Ideally, your overall portfolio should beat the market average. But in any portfolio, there will be mixed results between individual stocks. At this point some shareholders may be questioning their investment in CB Industrial Product Holding Berhad (KLSE:CBIP), since the last five years saw the share price fall 38%.
With that in mind, it's worth seeing if the company's underlying fundamentals have been the driver of long term performance, or if there are some discrepancies.
Check out our latest analysis for CB Industrial Product Holding Berhad
To paraphrase Benjamin Graham: Over the short term the market is a voting machine, but over the long term it's a weighing machine. One way to examine how market sentiment has changed over time is to look at the interaction between a company's share price and its earnings per share (EPS).
During five years of share price growth, CB Industrial Product Holding Berhad moved from a loss to profitability. That would generally be considered a positive, so we are surprised to see the share price is down. Other metrics may better explain the share price move.
The modest 1.8% dividend yield is unlikely to be guiding the market view of the stock. Revenue is actually up 2.8% over the time period. A more detailed examination of the revenue and earnings may or may not explain why the share price languishes; there could be an opportunity.
The company's revenue and earnings (over time) are depicted in the image below (click to see the exact numbers).
It's probably worth noting that the CEO is paid less than the median at similar sized companies. But while CEO remuneration is always worth checking, the really important question is whether the company can grow earnings going forward. So it makes a lot of sense to check out what analysts think CB Industrial Product Holding Berhad will earn in the future (free profit forecasts).
What About Dividends?
As well as measuring the share price return, investors should also consider the total shareholder return (TSR). The TSR incorporates the value of any spin-offs or discounted capital raisings, along with any dividends, based on the assumption that the dividends are reinvested. It's fair to say that the TSR gives a more complete picture for stocks that pay a dividend. We note that for CB Industrial Product Holding Berhad the TSR over the last 5 years was -29%, which is better than the share price return mentioned above.

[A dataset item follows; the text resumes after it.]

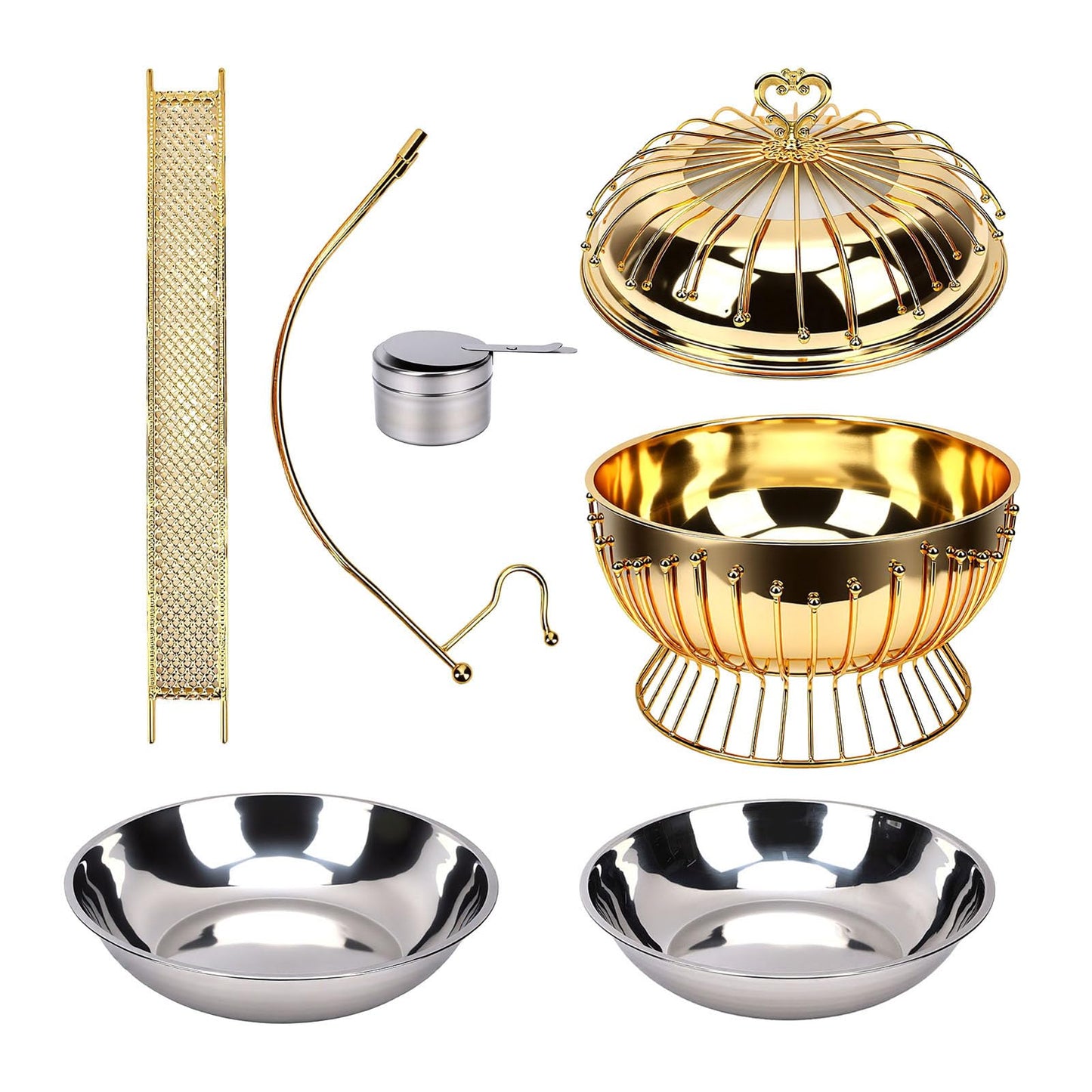 Ymiko 8L Stainless Steel Chafing Dish Hanging Lid Buffet Warmer with 5-Ply for Weddings Banquets Catering Events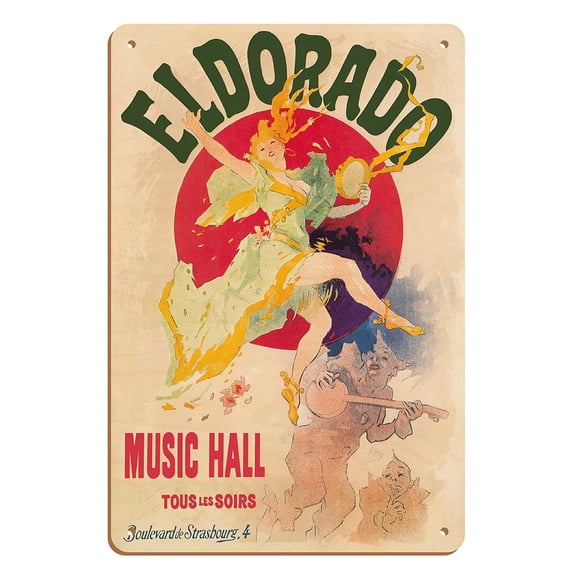 Eldorado Music Hall - Paris France - Vintage Music Poster by Jules Chéret - 8 x 12 inch Vintage Wood Art Sign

The dividends paid by the company have thusly boosted the total shareholder return.
A Different Perspective
Investors in CB Industrial Product Holding Berhad had a tough year, with a total loss of 15% (including dividends), against a market gain of about 3.8%. However, keep in mind that even the best stocks will sometimes underperform the market over a twelve month period. Unfortunately, last year's performance may indicate unresolved challenges, given that it was worse than the annualised loss of 5% over the last half decade. We realise that Baron Rothschild has said investors should "buy when there is blood on the streets", but we caution that investors should first be sure they are buying a high quality business. I find it very interesting to look at share price over the long term as a proxy for business performance. But to truly gain insight, we need to consider other information, too. Take risks, for example - CB Industrial Product Holding Berhad has 1 warning sign we think you should be aware of.
But note: CB Industrial Product Holding Berhad may not be the best stock to buy. So take a peek at this free list of interesting companies with past earnings growth (and further growth forecast).
Please note, the market returns quoted in this article reflect the market weighted average returns of stocks that currently trade on MY exchanges.
Have feedback on this article? Concerned about the content? Get in touch with us directly. Alternatively, email editorial-team (at) simplywallst.com.
This article by Simply Wall St is general in nature. We provide commentary based on historical data and analyst forecasts only using an unbiased methodology and our articles are not intended to be financial advice. It does not constitute a recommendation to buy or sell any stock, and does not take account of your objectives, or your financial situation. We aim to bring you long-term focused analysis driven by fundamental data. Note that our analysis may not factor in the latest price-sensitive company announcements or qualitative material. Simply Wall St has no position in any stocks mentioned.